Perubahan status Covid-19 dari pandemi ke endemi juga kemungkinan besar akan mempengaruhi fokus pemerintah di sektor kesehatan. “Kapasitas kesehatan sudah lebih baik. Vaksinasi mungkin sudah mencapai 90 % target. Fokus ke depan adalah menjaga bed occupancy ratio (BOR) jangan sampai naik karena itu berakibat pada fatality rate," kata David kepada Katadata.
Kontribusi Daerah Mengelola Anggaran Pandemi
Melanjutkan kebijakan tahun ini, pemerintah masih akan menggunakan instrumen Transfer ke Daerah dan Dana Desa (TKDD) untuk membantu penanganan Covid-19 pada 2022. Namun, fokusnya kemungkinan bergeser bukan lagi pada mitigasi pandemi tetapi kepada upaya pemulihan ekonomi pasca-pandemi.
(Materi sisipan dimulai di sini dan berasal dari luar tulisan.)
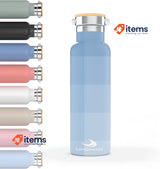 Daikoku Double Walled Stainless Steel Thermos Bottle Hot/Cold Drinks 500ml Blue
Dalam RAPBN 2022 disebutkan bahwa kebijakan Dana Alokasi Umum pada 2022 diarahkan untuk akselerasi pemulihan ekonomi. "Memprioritaskan penggunaan Dana Desa untuk pemulihan ekonomi di desa melalui program perlindungan sosial, kegiatan penanganan pandemi Covid-19 dan mendukung sektor prioritas," demikian tercantum dalam Nota Keuangan Tahun 2022.
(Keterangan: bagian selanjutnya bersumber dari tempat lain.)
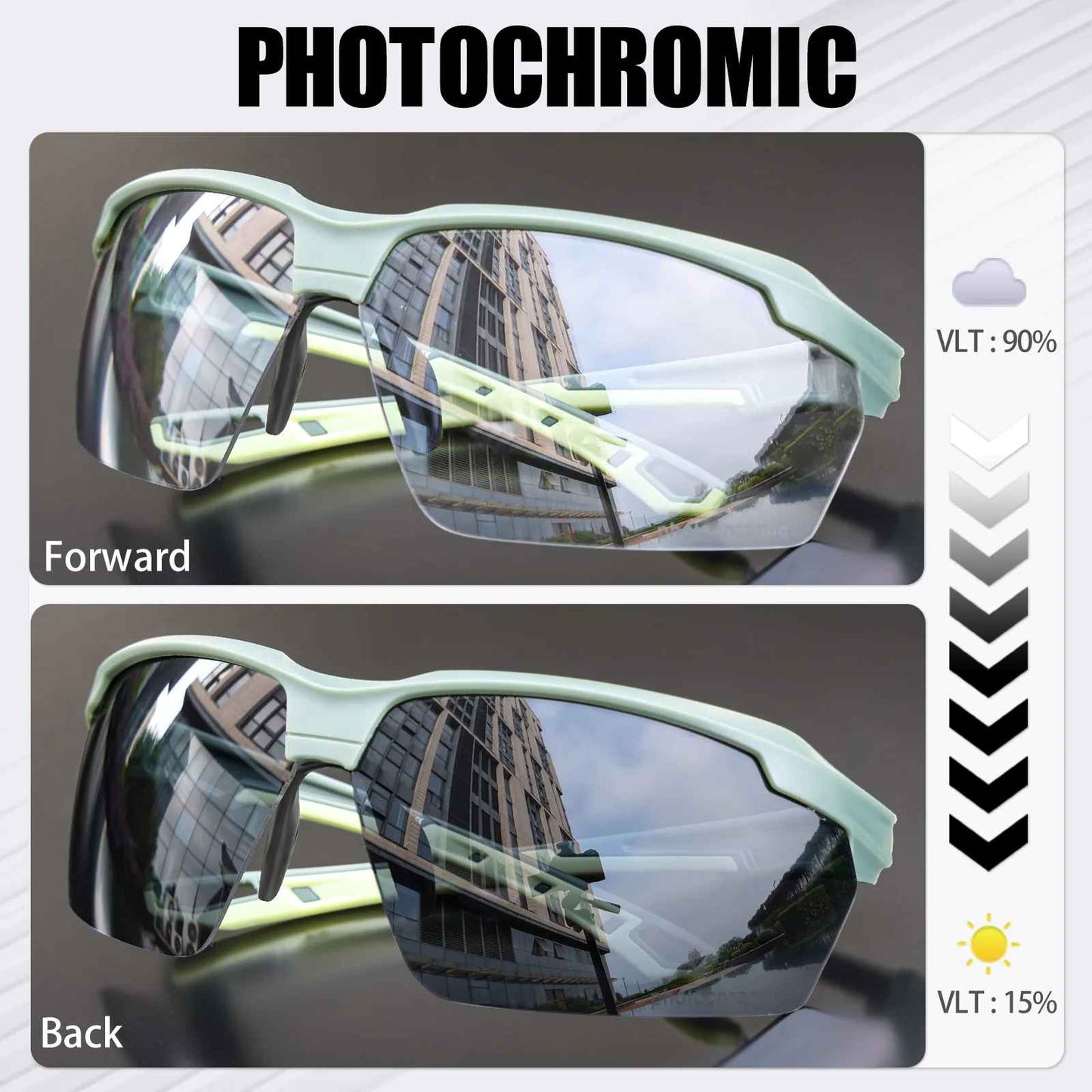 Photochromic Cycling Sunglasses UK – UV400 Bike Glasses for Sports & Riding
Namun, pemerintah belum memutuskan apakah mereka akan kembali meminta pemerintah daerah sampai ke kelurahan untuk melakukan refocusing anggaran seperti tahun ini.
Seperti diketahui, dalam Peraturan Menteri Keuangan (PMK) No 94 Tahun 2021, pemda diminta menggeser anggaran untuk penanganan Covid-19. Ketentuannya adalah dengan mengalokasikan paling sedikit 8% Dana Alokasi Umum atau paling sedikit 8% Dana Bagi Hasil (DBH) daerah yang tidak mendapat alokasi DAU, serta penerimaan umum APBD jika pendanaan melalui DAU/DBH belum mencukupi,
Sayangnya, penyerapan belanja kesehatan dan belanja prioritas lainnya untuk penanganan Covid-19 yang bersumber dari earmarking DAU/DBH masih rendah,. Berdasarkan catatan Kementerian Keuangan per 4 Agustus, sebanyak 311 daerah (57,38%) realisasinya di bawah 15% dari anggaran dan hanya 12 daerah yang telah merealisasikan anggaran diatas 50%.